Le président de la Fédération internationale de football (Fifa) Joseph "Sepp" Blatter a annoncé mardi 6 décembre sur le site sportif espagnol Mundo Deportivo que l'arbitrage vidéo sera utilisé pendant la Coupe du monde 2014.
Cela permettrait d'éviter des controverses sans fin, comme savoir si le ballon de l'Anglais Geoff Hurst a franchi ou non la ligne lors de la finale du Mondial 1966 contre l'Allemagne (finalement remportée par l'Angleterre après prolongations). Il a fallu que l'attaquant anglais reconnaisse, 44 ans plus tard, que le but n'était pas rentré pour qu'on aie le fin mot de cette histoire.
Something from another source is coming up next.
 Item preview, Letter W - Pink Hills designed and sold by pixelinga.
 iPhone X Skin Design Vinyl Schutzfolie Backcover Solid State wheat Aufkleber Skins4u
Mais comme c'était un 1er avril, le doute subsiste.
Pourquoi ne se décider que maintenant ? On peut dégager quatre raisons à cette annonce inattendue.
• Une décision rendue possible par le progrès
Des essais ont été menés à plusieurs reprises par la Fifa, mais jusqu'à présent, aucun n'a été concluant. Aujourd'hui, la donne a changé : Blatter affirme que la Fifa "dispose de deux bons systèmes, répondant à toutes nos demandes : fiabilité, immédiateté et simplicité d'utilisation".
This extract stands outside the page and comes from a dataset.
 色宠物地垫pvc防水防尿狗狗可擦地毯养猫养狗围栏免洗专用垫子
Le premier, comme Goalminder, ressemble au système de ralenti 3D du tennis, tandis que le second fonctionne grâce à une puce intégrée au ballon. La Fifa souhaitait un système fiable à au moins 90 % et surtout que l'information soit envoyée à l'arbitre en quelques fractions de seconde.
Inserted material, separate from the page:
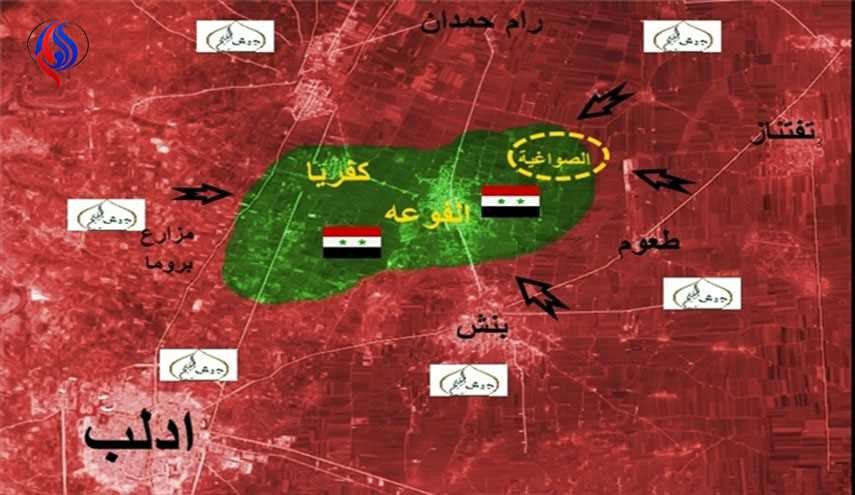 سقوط عدد من قذائف الهاون أطراف الفوعة بريف ادلب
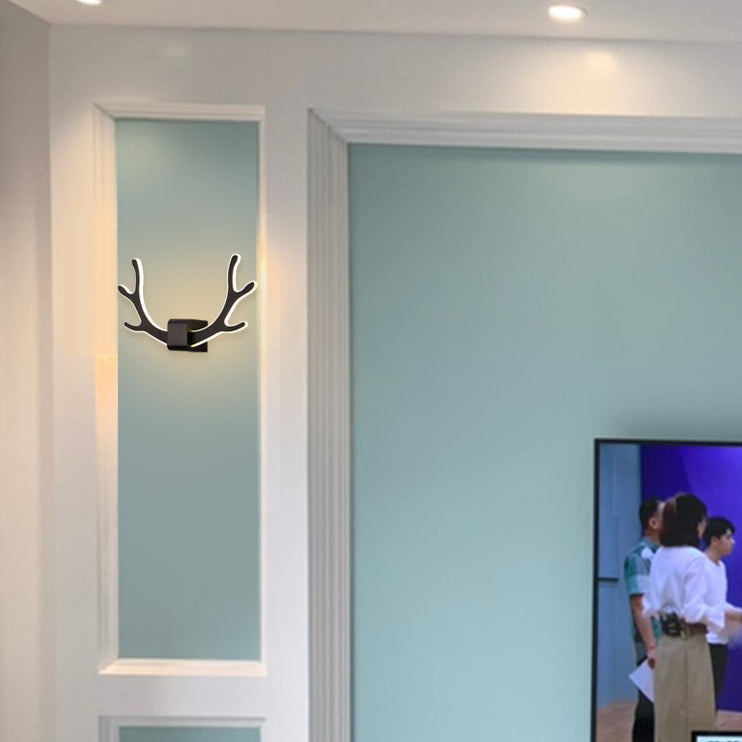 Acrylic Antler Shape Wall Lamp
• Une décision un peu prématurée
Blatter propose, mais l'International Board dispose. Le Board, ce sont les gardiens du temple, un conseil constitué de papys écossais, anglais, gallois et nord-irlandais. Ce sont eux qui décideront en dernier ressort d'avoir ou non recours à la vidéo.
Dans ce conseil, la Fifa dispose de quatre voix, les fédérations britanniques de quatre également, mais la décision, prise à la majorité des trois quarts, ne sera connue qu'en février, voire en mars 2012.
• Une décision après l'indécision
Cette inflexion au dogme de l'interdiction de la vidéo intervient après la polémique du but refusé à l'Anglais Frank Lampard contre l'Allemagne, le 27 juin 2010. Un but valable sur une merveilleuse frappe tirée des 30 mètres, mais que l'arbitre a refusé (voir photo ci-dessous).
Mais que se passera-t-il quand un arbitre oubliera un but hors-jeu dans un match important ? Est-ce que Blatter ne sera pas obligé de battre sa coulpe, et de dire, comme il l'avait fait après ce match Allemagne-Angleterre, qu'"il faut rouvrir le dossier de la technologie" ? Un dossier au sujet duquel le porte-parole de la Fifa avait déclaré, trois mois plus tôt, que "la porte est fermée", comme le rapporte le Telegraph ?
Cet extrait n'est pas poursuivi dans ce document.